It was nearly seven months ago that the Landmarks Preservation Commission first heard a proposal to construct a six-story apartment building where a two-story garage building currently sits in the West Village. That process was met with opposition from the public and failed to gain approval from the LPC. The process for deciding the future of 11-19 Jane Street continued on Tuesday, but again with no resolution.
The site, between Greenwich Avenue and West 4th Street/Eighth Avenue, contains an existing structure that was built in 1922 and fell under the LPC’s jurisdiction in 1969, when the Greenwich Village Historic District was designated.
Edward Minskoff is developing the proposed replacement. The project architect is London-based Sir David Chipperfield, who worked with preservation consultant Ward Dennis of Financial District-based Higgins Quasebarth & Partners.
The new building would have seven units spread across 30,676 square feet of residential space, for units averaging over 4,382 square feet. There would be two duplex townhouse, or maisonette, units, across the first two floors, each with its own private street entrance. Then there would be two floors with two units each, followed by a duplex unit spanning the fifth floor and the set-back, or penthouse, sixth floor.
There would also be 327 square feet of commercial space for a publicly-accessible 12-space parking garage, with an entrance centered on the building, just left of the main pedestrian entrance.
The building presented in June (and July) featured two types of light gray precast concrete, two types of stainless steel, and plenty of glass. The revised proposal on Tuesday featured a pinkish façade made of flush pointed Roman brick and a similarly-colored fair-faced concrete. The fenestrations had been reconfigured for what Chipperfield called a more punched opening feel. The overall height of the building had also been reduced from 95 feet to 85 feet. However, the height to the first parapet, at the top of the fifth floor, remained at 61 feet.
Chipperfield said the revised design had more “physical presence and materiality.” He said it had a “slightly more domestic feel.” The commissioners appreciated that the design had improved, but the improvement wasn’t enough to win their approval.
Commissioner Michael Goldblum asked Chipperfield about his new windows. Chipperfield replied that the walls were given more prominence and the sliding windows were “elegant,” which brought chuckles from the audience.
While Commissioner Diana Chapin approved the bulk and massing, she was not enthusiastic about the fenestrations, and questioned the proposed structure’s context within the West Village, saying it has a “hotel quality.”
Commissioner Kim Vauss wasn’t wild about the proposed entrances for the townhouses, where she said you couldn’t see the doors.

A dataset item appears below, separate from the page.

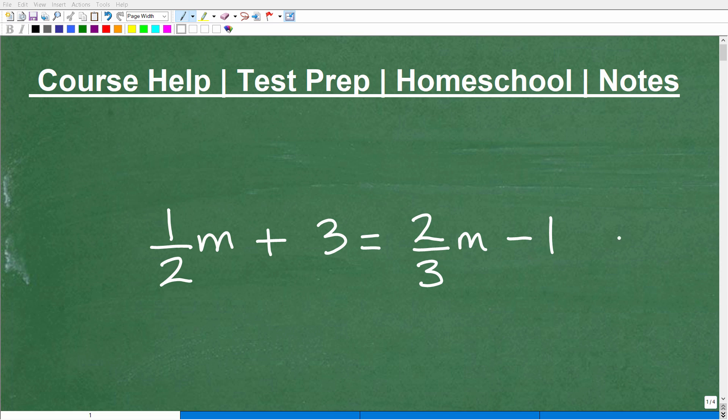Let's solve this basic algebra equation. I'm going to solve this two different ways, and I'll give you what I suggest as the better way, but we'll go through both techniques here.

LPC Chair Meenakshi Srinivasan spoke of the site’s history, including its previous use as a church, and said it is a much more residential street than other places where garages can be found in the West Village. She said the massing “fits in,” but would like to see the penthouse lowered and a design that speaks more to the character of residential buildings, though she said something contemporary could work here. Commissioner John Gustafsson agreed with Srinivasan on the height of the penthouse, but Commissioner Goldblum said it was fine.

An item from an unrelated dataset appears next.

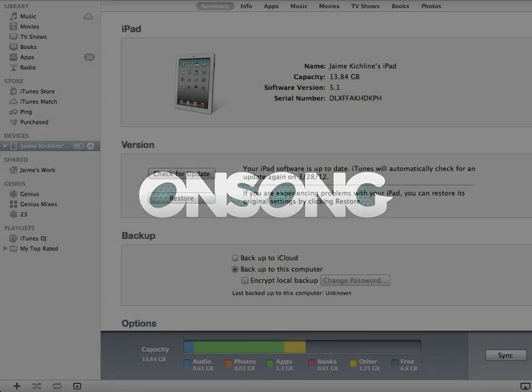My name is Jason Kickline and today I want to show you how you can import songs using iTunes file sharing. So let's get started.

Commissioner Jeanne Lutfy said the proposed fenestrations spoke to the district, but less to this specific block of Jane Street. She said there needs to be another solution than sliding operation.

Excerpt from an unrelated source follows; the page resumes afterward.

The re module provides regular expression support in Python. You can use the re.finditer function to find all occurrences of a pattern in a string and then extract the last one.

Goldblum added that the revised design was “much more appropriate,” the threshold to demolish the garage had been met, and the scale was well within the standard of the block. However, he said the windows didn’t fit. He said what was proposed seemed better suited to a building that was being retrofitted and the new building should feature windows that recall the garage. He also recommended subtle variations between the two proposed building materials.
Commissioner Michael Devonshire said he had “significant misgivings” about the demolition. As for the proposed replacement, he said it had made “great leaps” since the summer, but it still wasn’t ready for prime time. He said if the garage was to be demolished, its replacement should be one that enhances the district. He called this proposal “Mardi Gras on the Hudson,” adding that there is a “bland nature to this façade” with what he saw as a lack of articulation.
Since Tuesday’s session was a public meeting to go over revisions, not a public hearing to hear a fresh application, there was no public testimony. However, Chair Srinivasan noted she had received a letter from the Greenwich Village Society for Historic Preservation, another from an attorney representing the residents of 9 ½ Jane Street, and over 200 e-mails from the public. All opposed the revised proposal. There were over a handful of people in the audience holding pieces of paper with the revised rendering and the words “Vote NO on 11 Jane.”
In the end, the commissioners took no action. When the applicant returns at a date to be determined, we should expect to see changes to the fenestrations and windows and possibly adjustments to the ground floor and penthouse level.
GVSHP issued a statement following the session. It reads, in part: “We are glad that the LPC did not approve this design and instead asked this applicant to go back to the drawing board and make further changes… The design went from looking like a corporate office building to a corporate chain hotel,” said GVSHP Executive Director Andrew Berman. “We would have liked the LPC to have gone further, and asked for more substantial reductions in the proposed building’s height and further improvement to the façade. But we are grateful that they have not approved a design that would be so patently out of place on Jane Street and in the Greenwich Village Historic District, and that they are continuing to push the applicant to improve the project.”